In this example, I show how both compilers are smart enough to do compile
time testing of constant expressions.  This is included to be fair to C,
which does a generally "good" job of generating code.  It just ain't "great".

As can be seen, the generated code is effectively equivalent.  However, here
I raise a gripe to the template nature of the C compiler.  Since it assumes
there to be a data and a text portion to every routine/program, it emits a
".data" pseudo op, outputs the data, emits a ".text" pseudo op, and outputs
the text.  What results is two (count 'em) superfluous ".data" / ".text"
pseudo ops.  Now, this doesn't slow down the assembler a whole lot, but on
a loaded system, every little bit helps.  Likewise, where in the hell is
the label "LL0" ever used?  If you don't use it (and certainly, with a name
like "LL0", it is local), don't emit it.  The same thing holds true for
the routine entry mask being stored in "L13".  What ever for?  You only
use it once, so why clutter the symbol table with it?  C takes 10 lines
of assembly code to do what Bliss does in 5 lines.
----------------------------------------+-------------------------------------
literal P1 = 3,				|	#define P1	3
	P2 = 5;				|	#define P2	5
					|
routine test =				|	extern int alpha();
begin					|
    if P1 lss P2			|	test()
	then return 0			|	{
	else return 1			|	    if (P1 < P2)
end;					|		return 0;
					|	    else
					|		return 1;
					|	}
					|
	.TITLE  FOO			|		.data
					|		.text
	.PSECT  $CODE$,NOWRT,2		|	LL0:	.align  1
					|		.globl  _test
TEST:	.WORD	^M<>			|		.set	L13,0x0
	CLRL	R0			|		.data
	RET				|		.text
					|	_test:  .word	L13
					|		clrl	r0
					|		ret

dvk@mi-cec.UUCP (Dan Klein) (02/14/84)

This is a continuation of my diatribe on "C doesn't optimize, it neatens".
In this and other articles, I compare a true optimizing compiler (Bliss-32
running under VMS) to a code neatener (C running under BSD 4.1c).  Any and
all counterexamples are welcome.  However, this is NOT a comparison of the
languages.  Both C and Bliss have their good and bad points.  This is simply
a comparison of the code they generate.  As in all examples, the source
code and uncensored assembly code is presented.  In all examples, the C source
and Bliss source are as nearly identical as language differences permit.  I
have not taken advantage of any "tricks" to get either language to perform
better or worse than the other.  The optimizer was enabled for both languages.

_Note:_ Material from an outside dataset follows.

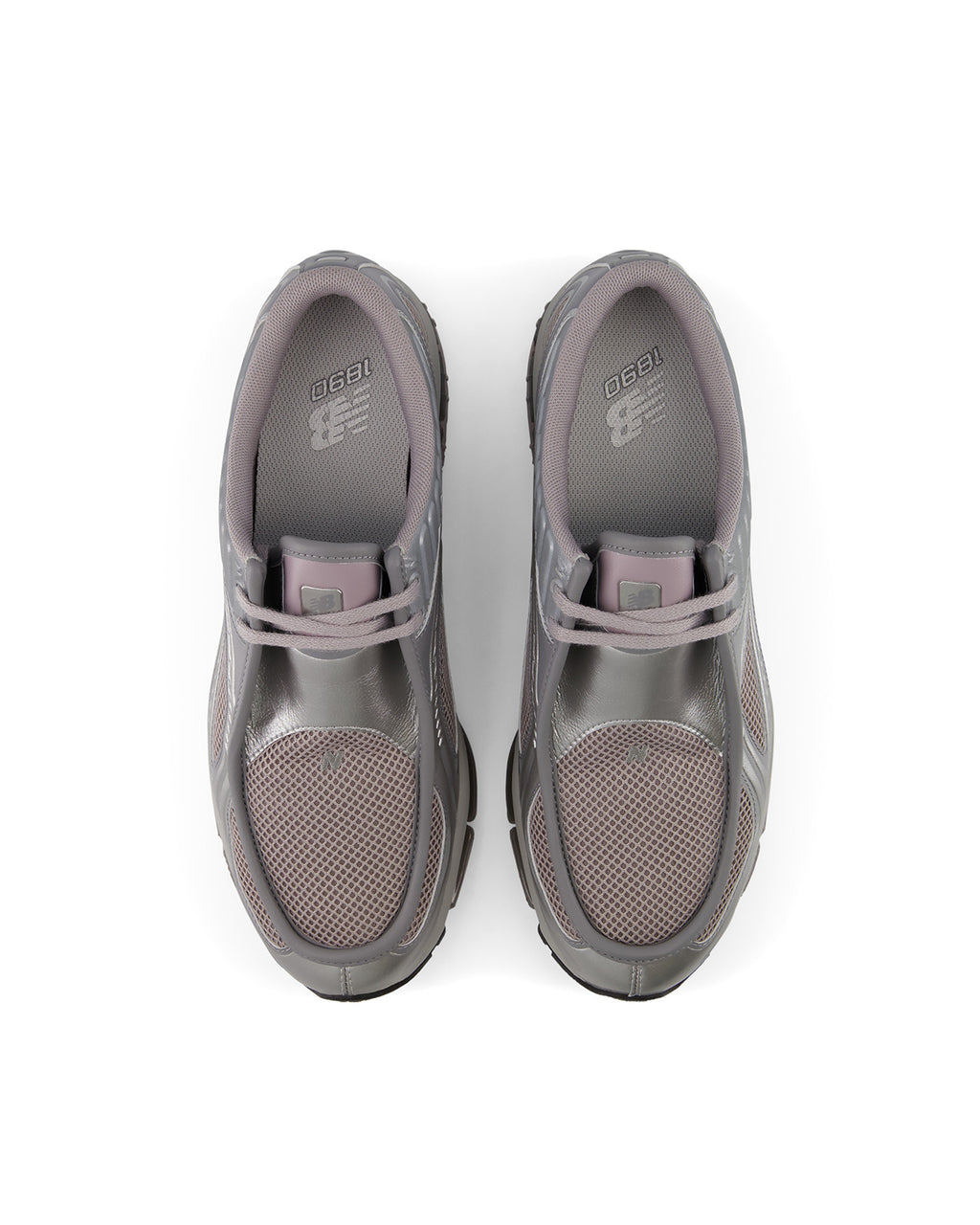 U18909VF "TRUFFLE SALT/SILVER METALLIC"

		-Dan Klein, Mellon Institute, Pittsburgh	(412)578-3382
=============================================================================

In this example I show what happens when local variables are initialized
and compared.  I have to admit I was disappointed with Bliss here.  A "great"
optimizer should recognize that the local variables are initialized, never
modified, and compared.  This should reduce to a compile time test, and no
intermediate code should be generated.  Alas, both C and Bliss do the tests
at run time.  The same old complaint against C shows up here, though.  It
uses stack locals when it should use "r0" and "r1".  To be fair, other than
that, the code is the same for both compilers.
----------------------------------------+-------------------------------------
literal P1 = 3,				|	#define P1	3
	P2 = 5;				|	#define P2	5
					|
routine test =				|	extern int alpha();
begin					|
    local loc1 : initial(P1),		|	test()
	  loc2 : initial(P2);		|	{
					|	    int loc1 = P1,
    if .loc1 lss .loc2			|		loc2 = P2;
	then return 0			|
	else return 1			|	    if (loc1 < loc2)
end;					|		return 0;
					|	    else
					|		return 1;
					|	}
					|
	.TITLE  FOO			|		.data
					|		.text
	.PSECT  $CODE$,NOWRT,2		|	LL0:	.align  1
					|		.globl  _test
TEST:	.WORD	^M<>			|		.set	L13,0x0
	MOVL	#3, R1			|		.data
	MOVL	#5, R0			|		.text
	CMPL	R1, R0			|	_test:  .word	L13
	BGEQ	1$			|		subl2	$8,sp
	CLRL	R0			|		movl	$3,-4(fp)
	RET				|		movl	$5,-8(fp)
1$:	MOVL	#1, R0			|		cmpl	-4(fp),-8(fp)
	RET				|		jgeq	L17
					|		clrl	r0
					|		ret
					|	L17:	movl	$1,r0
					|		ret

dvk@mi-cec.UUCP (Dan Klein) (02/14/84)

This is a continuation of my diatribe on "C doesn't optimize, it neatens".
In this and other articles, I compare a true optimizing compiler (Bliss-32
running under VMS) to a code neatener (C running under BSD 4.1c).  Any and
all counterexamples are welcome.  However, this is NOT a comparison of the
languages.  Both C and Bliss have their good and bad points.  This is simply
a comparison of the code they generate.  As in all examples, the source
code and uncensored assembly code is presented.  In all examples, the C source
and Bliss source are as nearly identical as language differences permit.  I
have not taken advantage of any "tricks" to get either language to perform
better or worse than the other.  The optimizer was enabled for both languages.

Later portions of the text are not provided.